For this reason, it has become important to monitor the weather patterns in the region as they influence the numbers of visiting tourists. A data-science project for the department of economic development and tourism (Dedat) was developed to improve the tourism flow in the NC.
Led by Professor Sonali Das from the Centre for Scientific and Industrial Research (CSIR), the Data Science for Impact and Decision Enhancement (DSIDE) programme, a team comprising Kopano Motlapele (Sol Plaatjie University), Lebohang Molapo (Sefako Makgatho University), Boitumelo Matlapeng (University of Cape Town) is working hard to develop an instrument that will assist the province.
A case study was conducted to understand the flow of tourists in NC in comparison to the weather.

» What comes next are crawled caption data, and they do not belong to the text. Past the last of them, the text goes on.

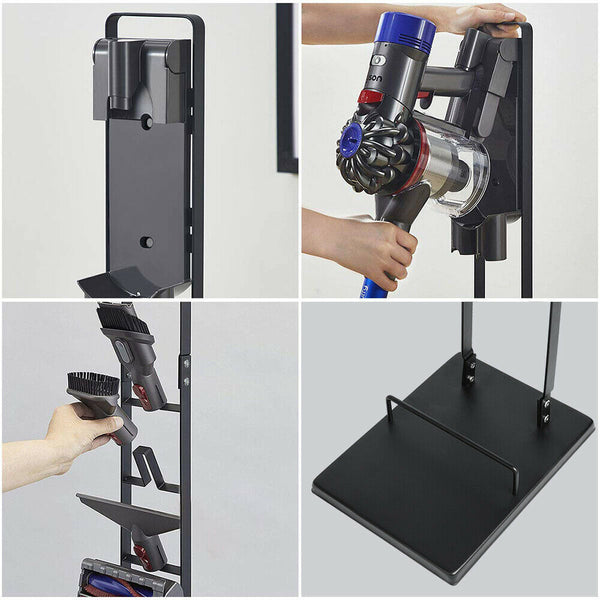 New Freestanding Stick Vacuum Cleaner Stand Holder Rack For Dyson V6 V7 V8 10 11 - Lets Party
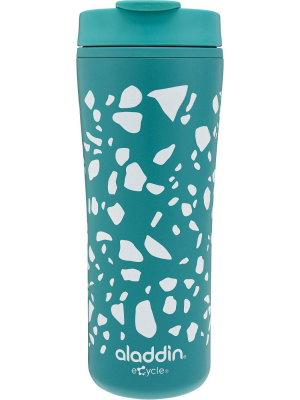 Aladdin 16oz Plastic Travel Mug Turquoise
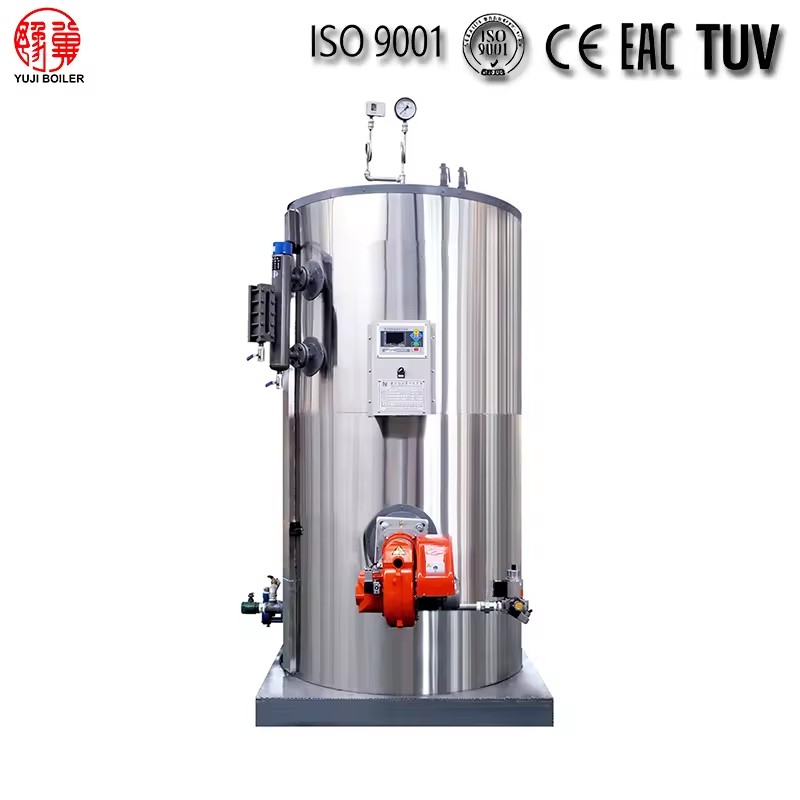 Vertical Low Pressure Easy Operation LSS Garment Industry Diesel Oil Gas Fired Steam Generator Boilers 1000kg/h-500kg/h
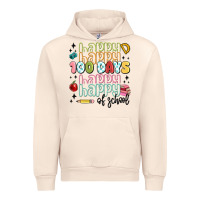 Sandshell 100 days of school Urban Hoodie - MaliasSmallBusiness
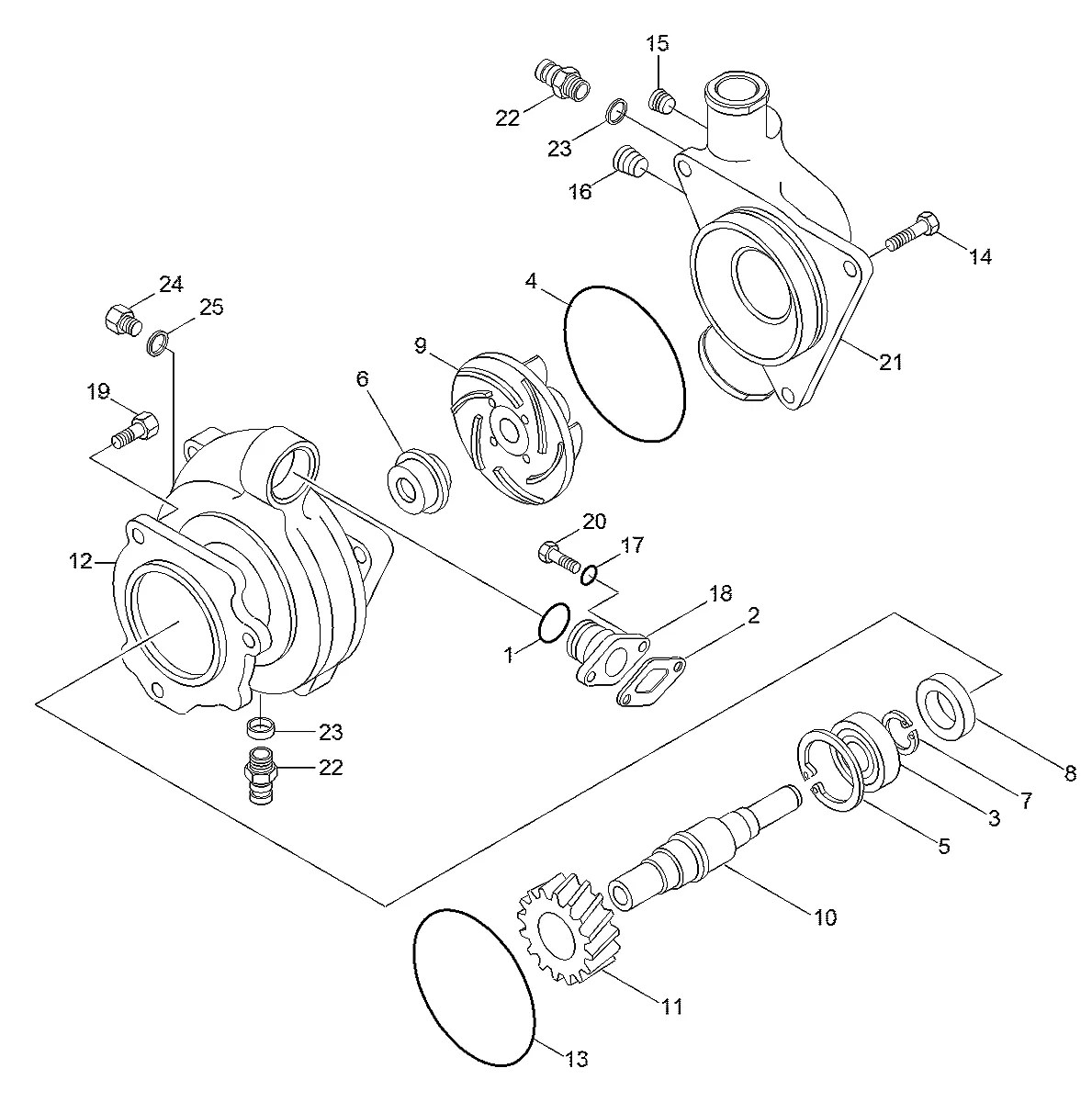 3071085 Escavadeira de esteiras Hyundai R500LC-7A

Two datasets with different frequencies were used, namely tourism in NC and the weather data.
In the tourism data, there were two categories, namely foreign and domestic, ranging from 2013-2016 and 2009-2016, with common variables: the “average length of stay”, “visits”, “bed nights”, “purpose of visits” and “cities”. The weather data ranges from 2012-2016 and temperature and humidity were the only considered variables. The aim was to build a regression model to predict and advise the Dedat in NC on how the weather affects tourists and how to mitigate this effect, but due to the variation of the frequency (tourism is observed annually and weather hourly) in the dataset, it was difficult to come up with a decisive tool.
The DSIDE programme aims to support capacity building in the ever-growing field of data science by scheduling recruits to participate in mentor-guided and learn-by-doing problem-solving of real-world needs as presented by different stakeholders.
The projects under DSIDE have a common theme that adapts a visual analytics framework with goals that include understanding the dataset through interactive visual exploration and model development. Extracted insights are intended to trigger actions towards better decision-making for various users.
The CSIR DSIDE programme places emphasis on problem-solving and creativity and encourages students to be curious. Experienced mentors from the CSIR data science community will introduce machine learning topics, tools and theories, and guide students in this project-driven environment. Given that this is a learn-by-doing initiative, our stakeholders do not expect the delivery of market-ready output at the end of the programme.
The programme is hosted at the CSIR and funded by the department of science and technology (DST).